6 avril 2017
Le Centre aquatique Desjardins, une gestion à améliorer
Par: Le Courrier

Je suis allé au bain libre le dimanche 2 avril. J’étais sûr que le bain en longueurs finissait à 16 h 30. Je suis arrivé à 15 h 35 pour pouvoir profiter d’une cinquantaine de minutes pour faire quelques longueurs, du moins je le croyais. Eh bien non, à 15 h 55, le sauveteur me prévenait de sortir au plus vite. Pensez-vous que la piscine était occupée par une quelconque activité? Non, le bassin de compétition était toujours vide à 16 h 15 quand je suis parti. 

En reconsultant l’horaire des bains en longueurs, je constate que les samedis et dimanches, il y a en tout et pour tout 4 heures et 20 minutes au total par jour. Pourquoi les heures de natation en longueurs sont-elles toujours si limitées à Saint-Hyacinthe, la semaine et la fin de semaine, alors que le besoin d’exercice est si criant, que le nombre de retraités augmente et que les gens ont de plus en plus des horaires de travail non traditionnels? Que dirait-on si les patinoires intérieures étaient utilisées 4 heures par jour en tout le samedi et le dimanche? On penserait avec raison à un gaspillage de fonds publics.

De plus, pendant les rares heures disponibles, les nageurs s’entassent souvent à 5-6 nageurs et plus par corridor. Le plus souvent, c’est seulement la moitié de la piscine qui est ouverte à la nage en longueurs (seulement 4 corridors) et l’autre moitié de la piscine est… vide. On m’a déjà répondu que « parce qu’en haut de 30 nageurs (7 nageurs par corridor, ce qui est trop), la Ville doit engager deux sauveteurs ». Encore une fois, le coût horaire pour faire fonctionner le bâtiment dépasse largement le salaire d’un sauveteur; penser économiser en épargnant le salaire d’un sauveteur, en limitant le nombre des baigneurs, en les entassant dans quelques corridors est une erreur. De plus, le raisonnement est tordu : limiter un service quand il devient populaire n’a pas de sens. Quel propriétaire de commerce lésinerait à engager un vendeur s’il y avait des clients plein le magasin? Encore un mauvais calcul qui soulève des doutes sur la gestion du centre aquatique.

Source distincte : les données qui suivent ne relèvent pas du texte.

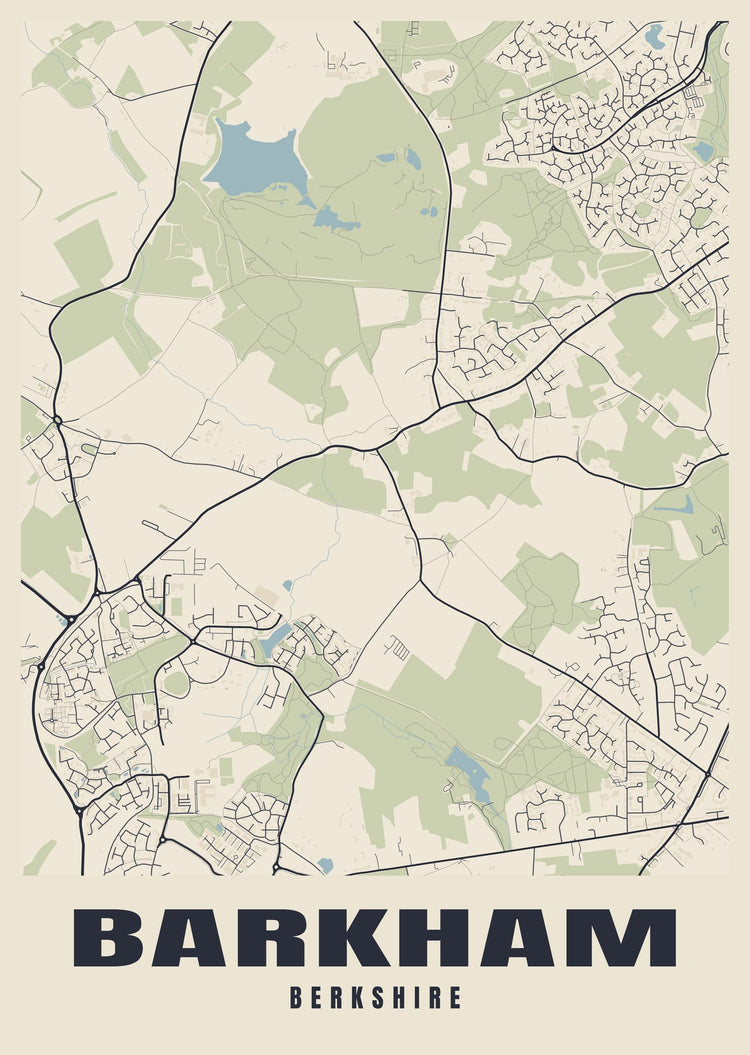 Barkham Street Map Poster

Au Québec et au Canada, le manque d’exercice et l’obésité qui lui est liée, modérée ou extrême, jouent un rôle important dans les maladies cardiovasculaires, le diabète et même plusieurs cancers. Ces maladies coûtent et coûteront des milliards de dollars aux contribuables québécois en soins de santé sans compter la misère humaine que ces maladies entraînent. Pas une semaine ne s’écoule sans que la piètre condition physique des jeunes n’occupe les médias. Les experts le disent tous, ces jeunes vont développer des maladies chroniques plus tôt que leurs aînés, ce qui va représenter des coûts énormes additionnels dans une société déjà vieillie. 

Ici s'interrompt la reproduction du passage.